Narcissism is now being exploited as an instrument of control. In the pretense of bringing people “closer together,” there is a “logic” at work which is undermining the conditions of effective action. If people are to act effectively, they must be able to make rational judgments about their real interests. Such judgments presuppose the capacity of the self to stand back from its immediate feelings and acquire some “distance”; this capacity is being sapped by the obsessive preoccupation with one’s immediate feelings and inner states. Accordingly, “in the name of removing barriers between people,” society is “transposing the structures of domination…into psychological terms” which serve to mask power (p. 336).

Sennett’s general thesis is that a “state of decay” has set in in “the public domain” because of the collapse of the line separating “private” from “public” life. This has come about because private values, notably those centered around the self and its urge to be expressive and intimate with others, have been used to discredit the values of “restraint” and “distance” which form the necessary basis of a public life in a modern, urban society of strangers.
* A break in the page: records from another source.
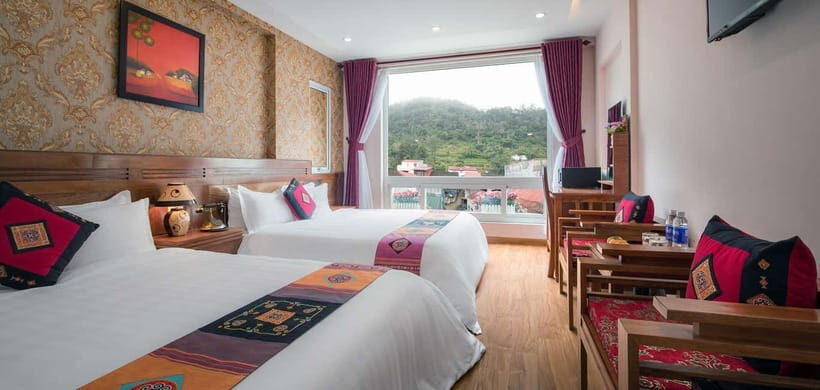 2 Day-2 Night Sapa Trekking: Overnight Train &Limousine Bus - A Day in Sapa: Free Time and Optional Activities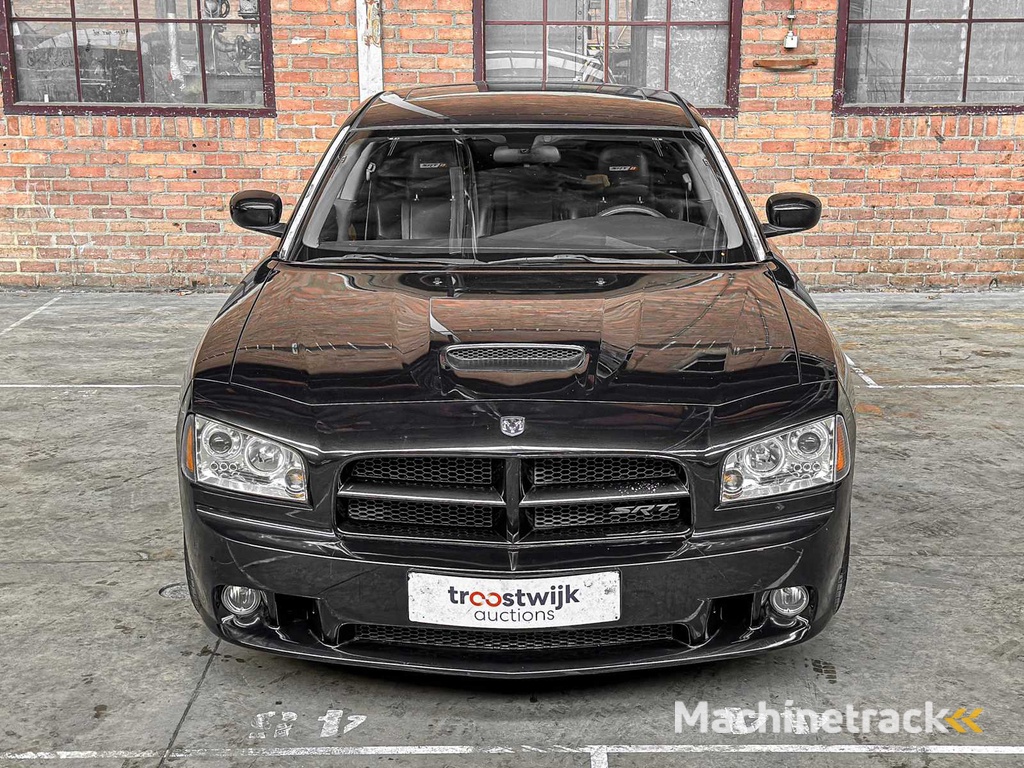 Dodge Charger SRT8 6.1 V8 425pk 2007 Youngtimer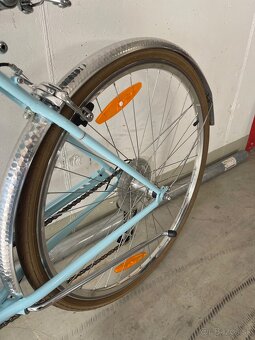 Dámsky retro mestský bicykel Schwinn - 6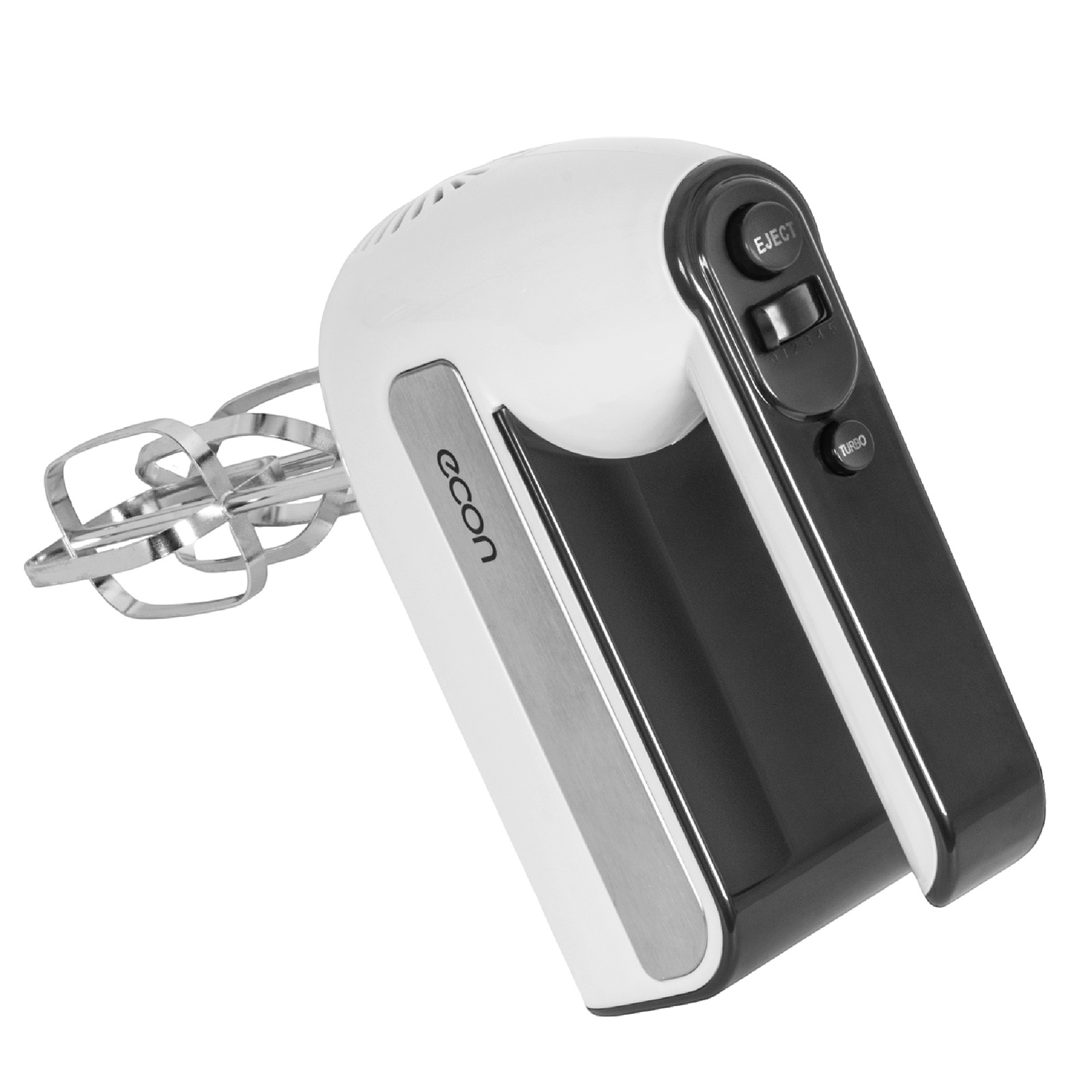 Миксер Econ ECO-230MX White/silver купить,25890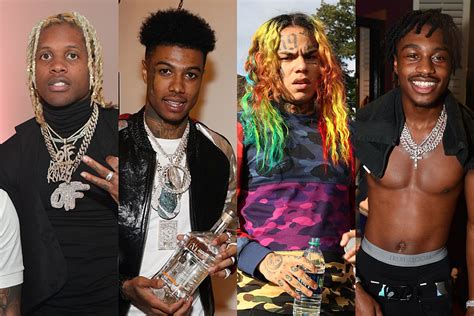 He is the lead member and founder of the collective and record label. Lil Durk Clowns 6ix9ine After Sales Forecast Reportedly ...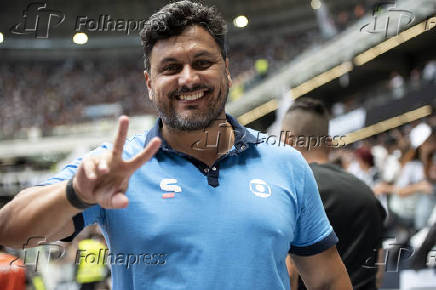 Partida entre Atltico MG x Flamengo pela Copa do Brasil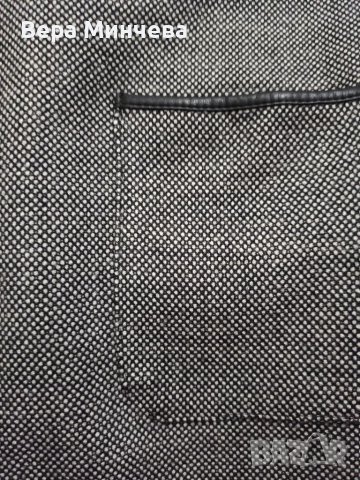 Рокля от фина вълнена материя, размер L.  , снимка 5 - Рокли - 38959484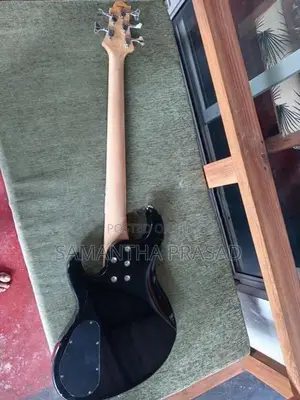 Bass guitar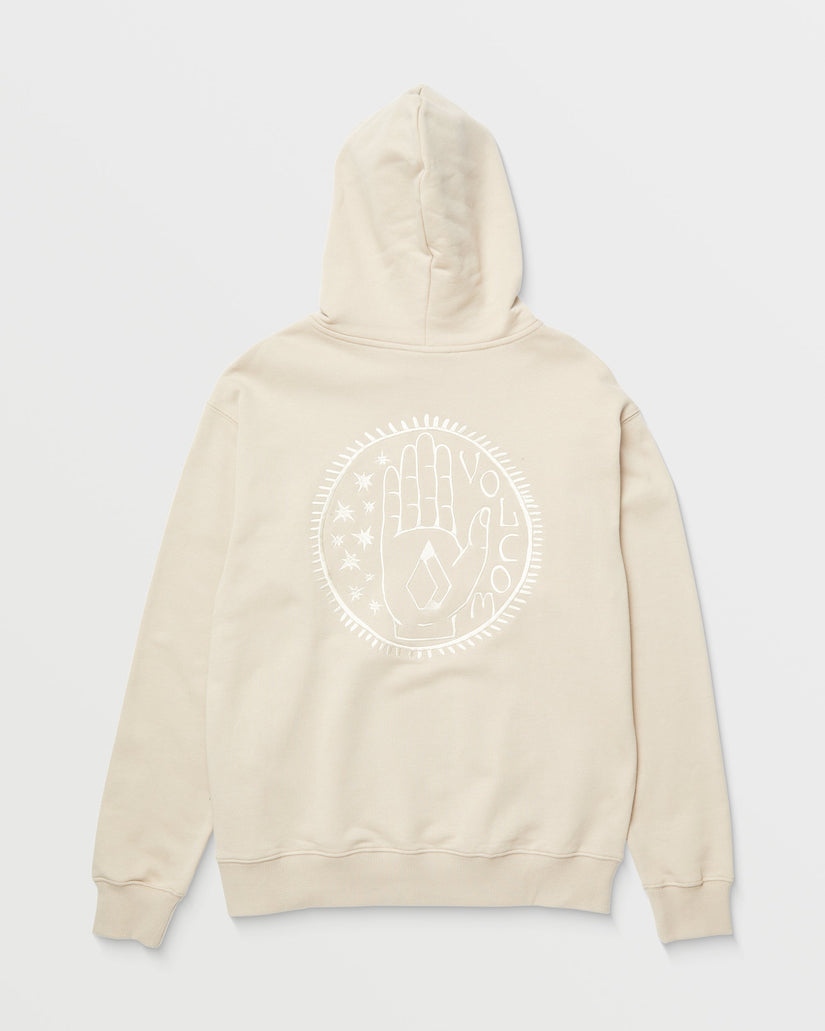 Sweat à Capuche Handerry - LIGHT KHAKI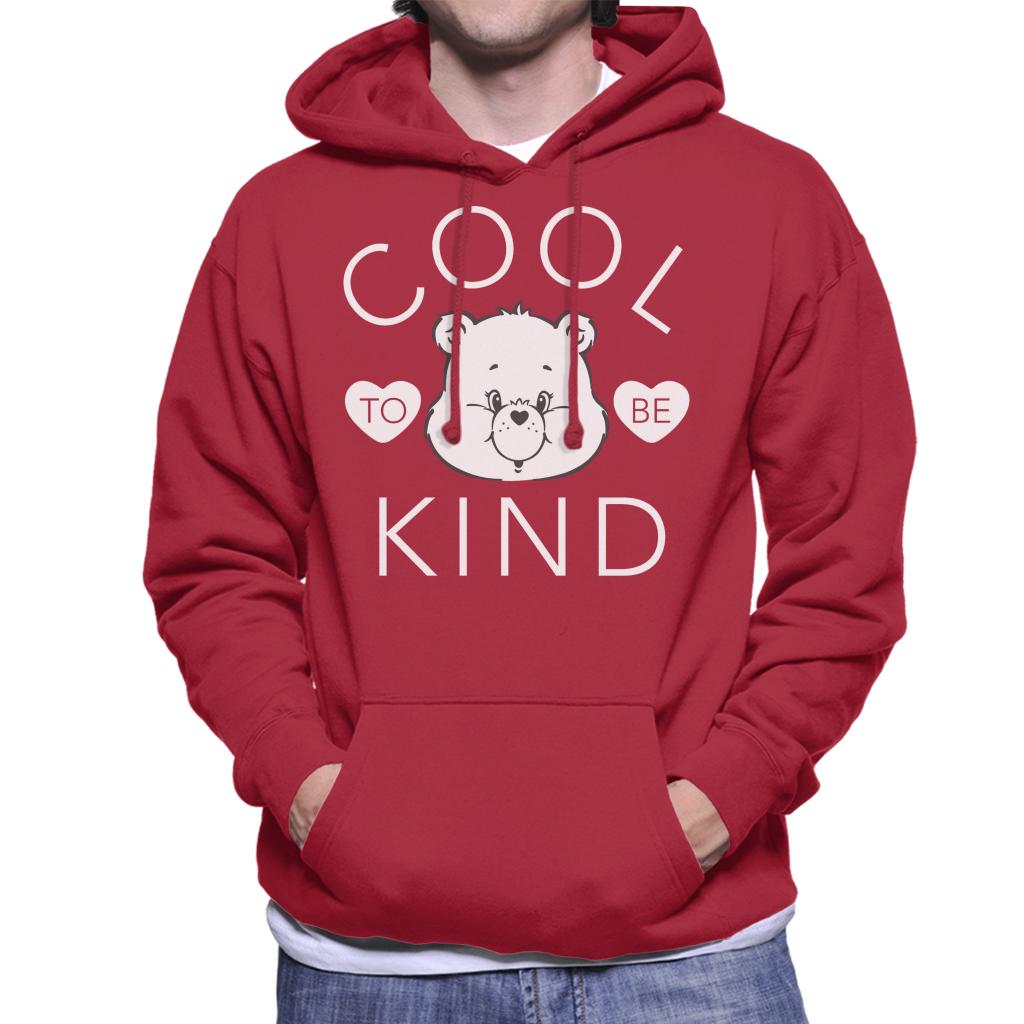 Care Bears Tenderheart Bear Cool To Be Kind White Text product image 4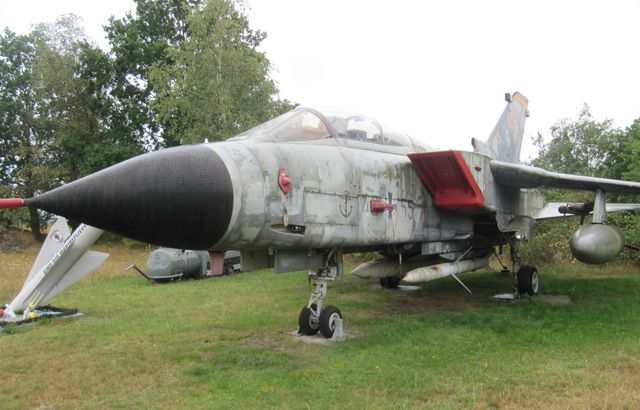 Jagdbomber Panavia Tornado IDS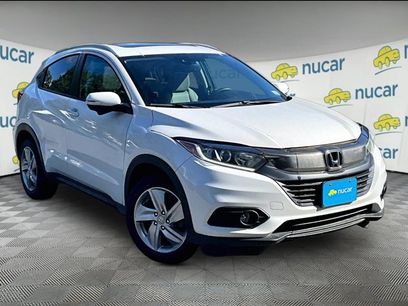 Used 2019 Honda HR-V EX-L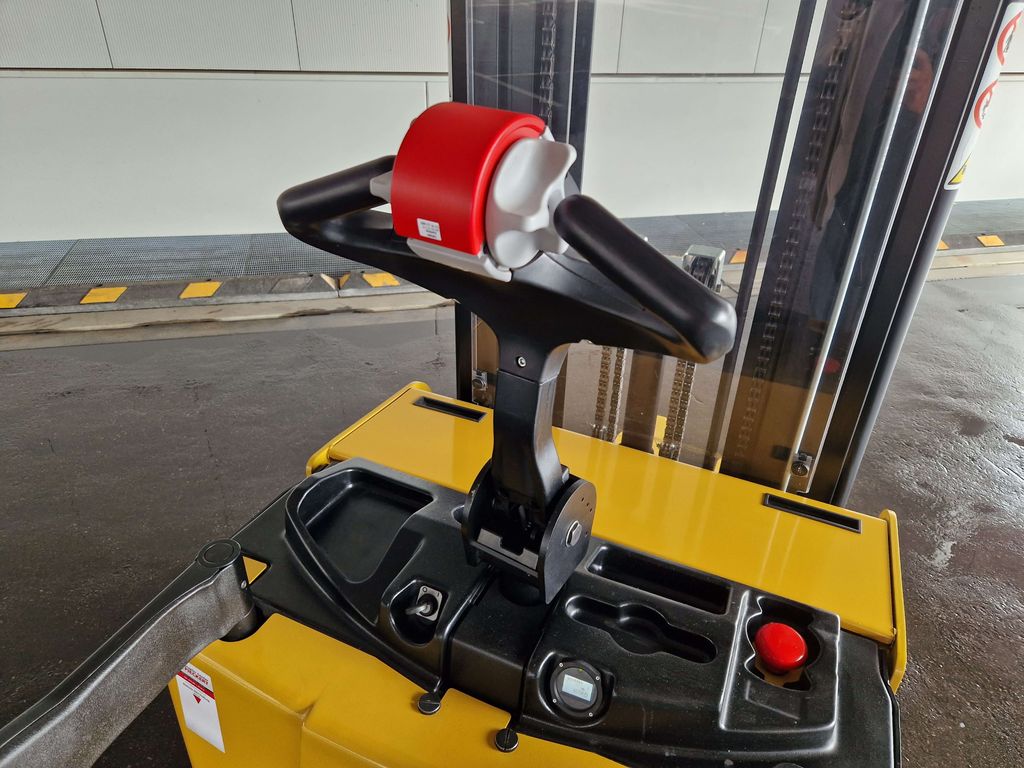 Gabelhochhubwagen gebraucht: Yale Hochhubwagen MS15XIL Yale MS15XIL Hochhubwagen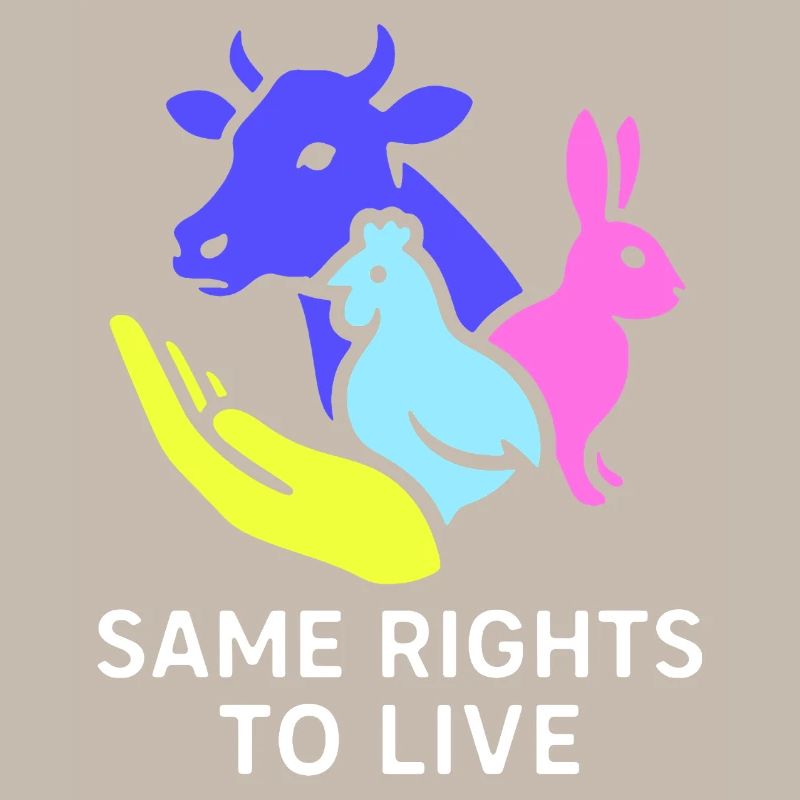 same rights to live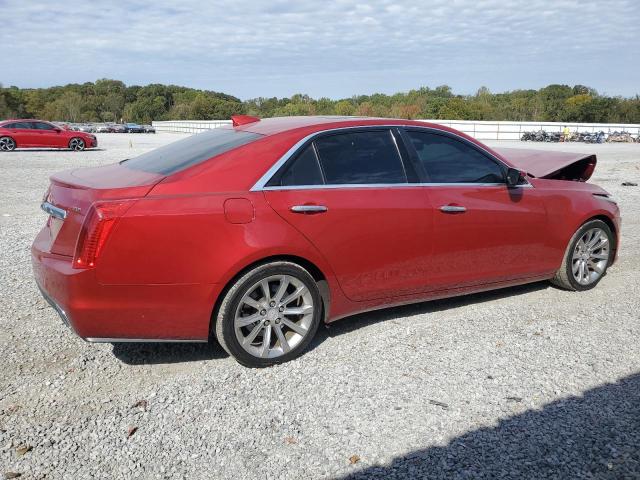 1G6AR5SS6H0151610 - 2017 CADILLAC CTS LUXURY BURGUNDY photo 3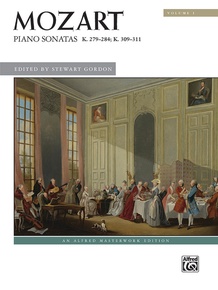 Mozart: Piano Sonatas, Vol. I: Piano Book: Stewart Gordon | Sheet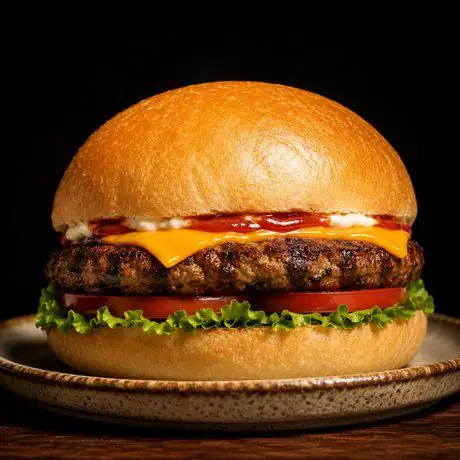 Hamburguesas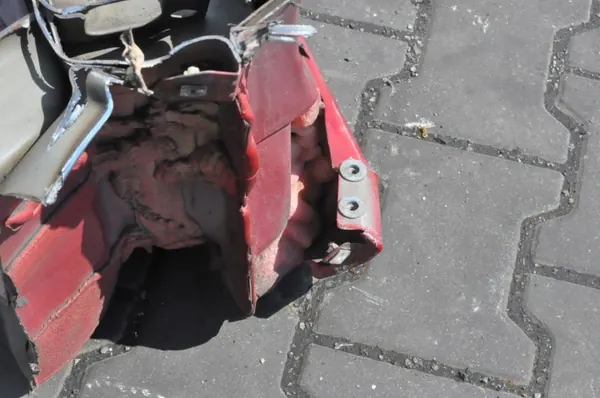 OEM 1515 Vasen ovenpieli Opel Corsa F HB 5D:lle image 9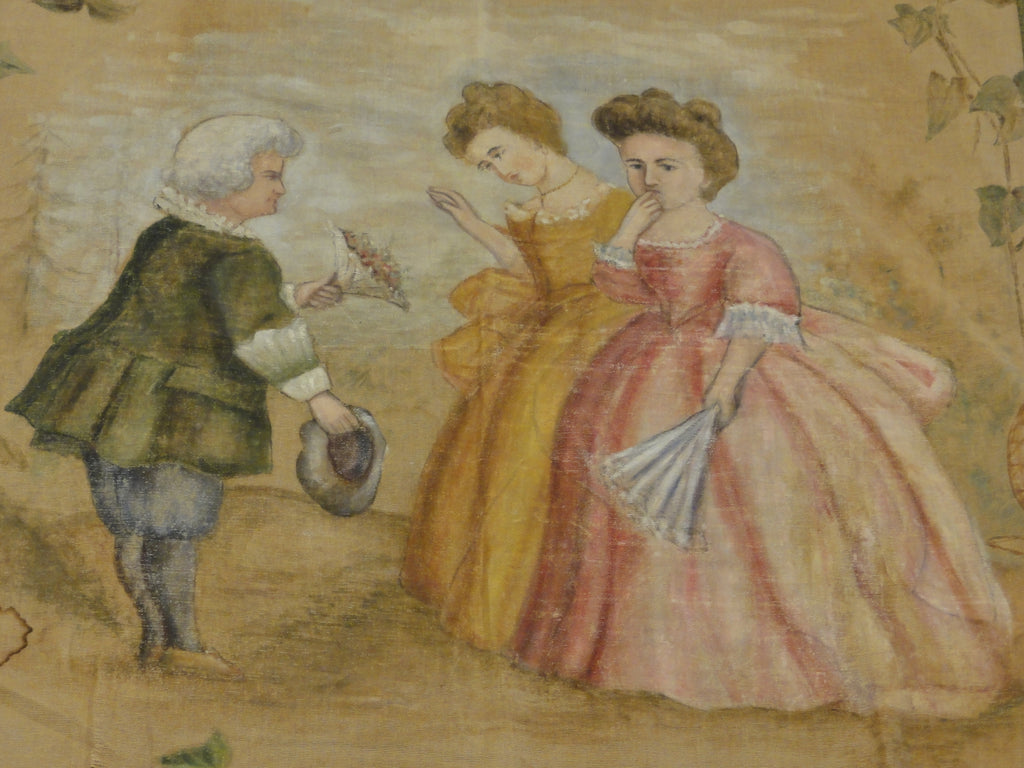 30634 18.th Century French Tapestry I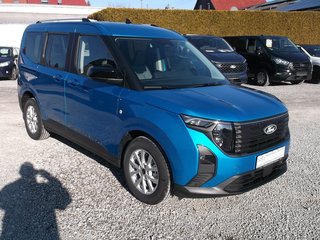 Ford Tourneo Courier Titanium 1.0 Automatik Winter-P. DAB Alu - foto 4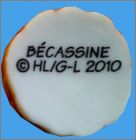 Marquage sous les f�ves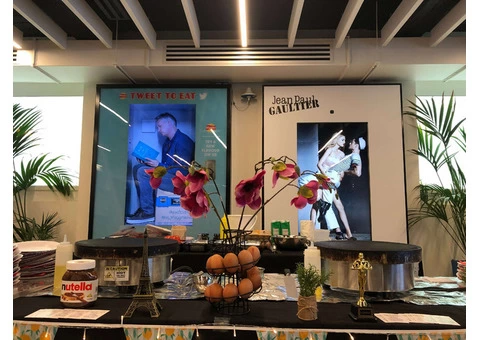 Pancake Catering Service for Your Summer Party Event in London - 3/6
An urge to snuggle, to exchange warmth with others, has transformed the way we think about social groups as well as personal relationships. Formerly our expectations were that a political or economic group was strictly instrumental; one supported it for practical reasons, such as to improve one’s economic prospects. All of this has changed. Now we want “community” and “fraternity”; and to get it we will shrink the circle of familiars until the group is very cozy indeed, perhaps ethnically pure.

Thus, according to Sennett, the quest for Gemeinschaft turns into a form of social withdrawal chanted to the tune of “small is beautiful.” While we have traded efficacy for fellowship, the real world of impersonal structures and multinationals rolls on (pp. 338-339). Worse, the very intimacy of a community of neighbors encourages each to observe what the other is doing. “Community has a surveillance function” and those who are “open with each other” end by trying “to control each other.” Community ends in “fratricide”: the members turn against each other and preserve their solidarity only by closing ranks against the “outside” world (p. 300). At the national level we are mainly passive, so replete with our own self-absorption that we ask no more of politicians than to display themselves before us and to let us savor their personalities, explore their motives, question their credibility, and bask in their image, but not press questions about their policies.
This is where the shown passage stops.